+++ Data records +++
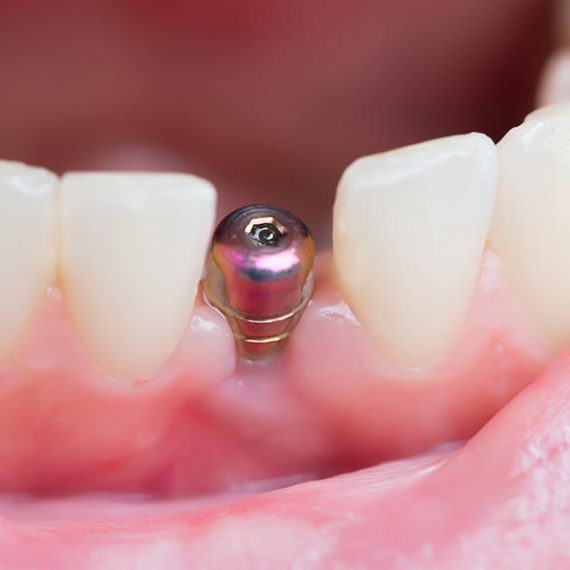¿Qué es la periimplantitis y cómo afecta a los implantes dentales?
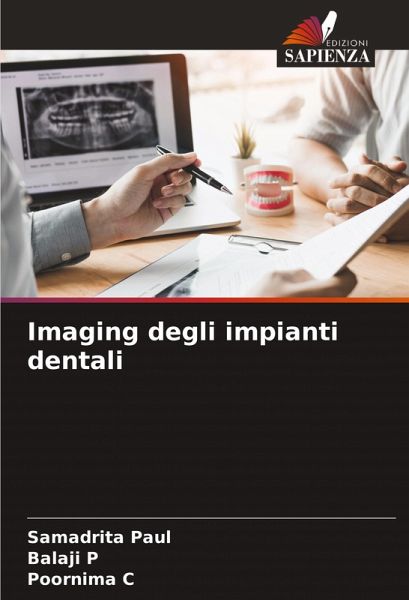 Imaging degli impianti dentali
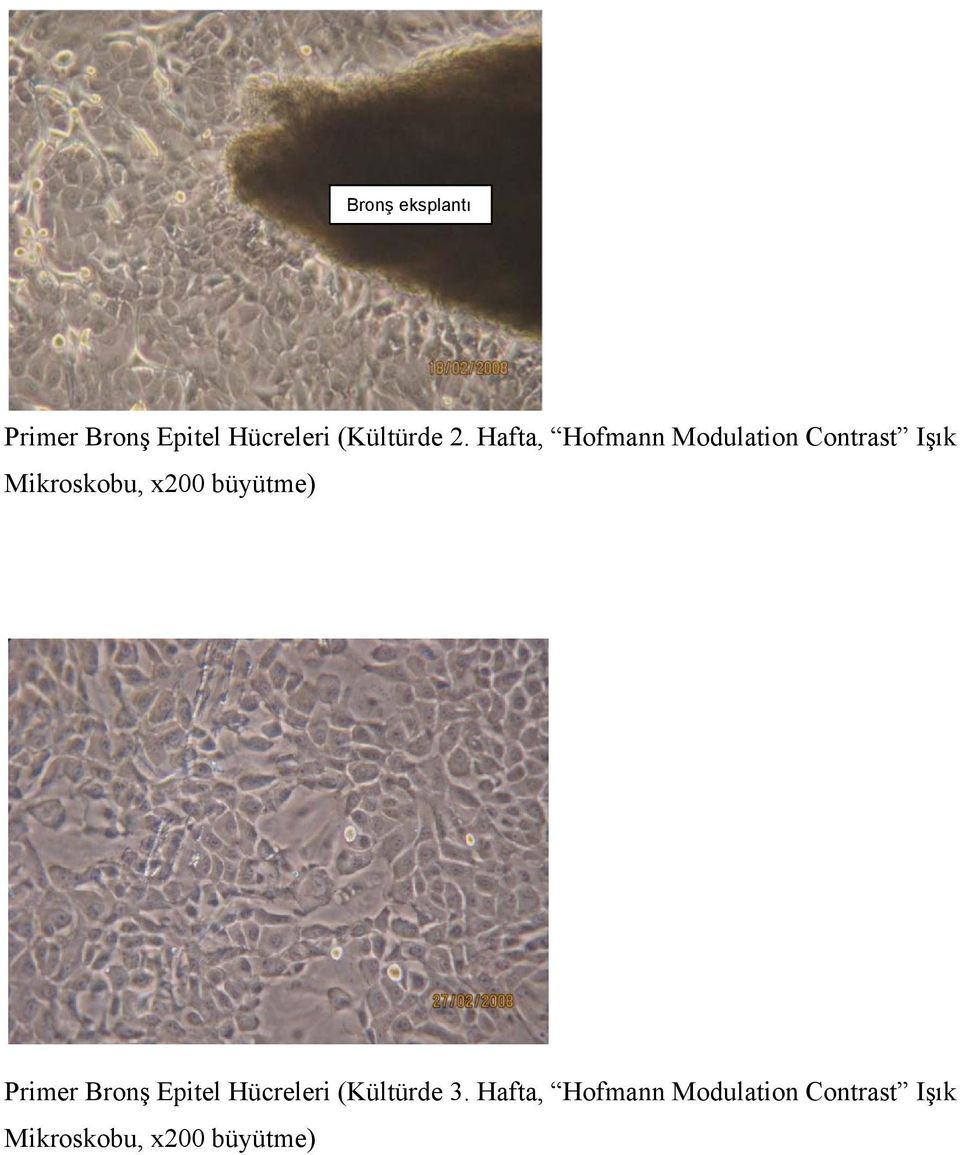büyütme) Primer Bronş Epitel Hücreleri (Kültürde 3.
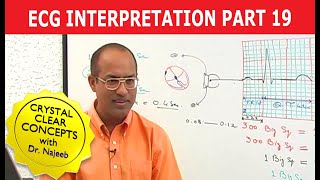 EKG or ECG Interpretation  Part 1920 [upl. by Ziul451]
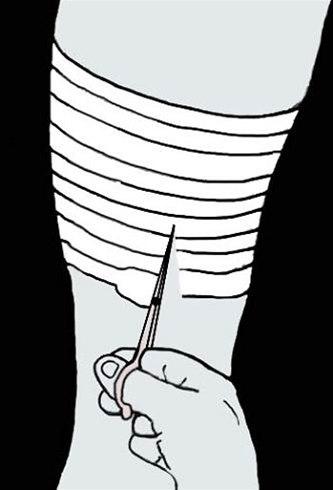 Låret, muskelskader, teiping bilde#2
+++
*Exercise*.
Return, exactly as they appear, the lines from the line containing "Imaging degli impianti dentali" through the end of the records above, both ends included, without pictures.

*Response for this exercise*.
 Imaging degli impianti dentali
büyütme) Primer Bronş Epitel Hücreleri (Kültürde 3.
 EKG or ECG Interpretation  Part 1920 [upl. by Ziul451]
 Låret, muskelskader, teiping bilde#2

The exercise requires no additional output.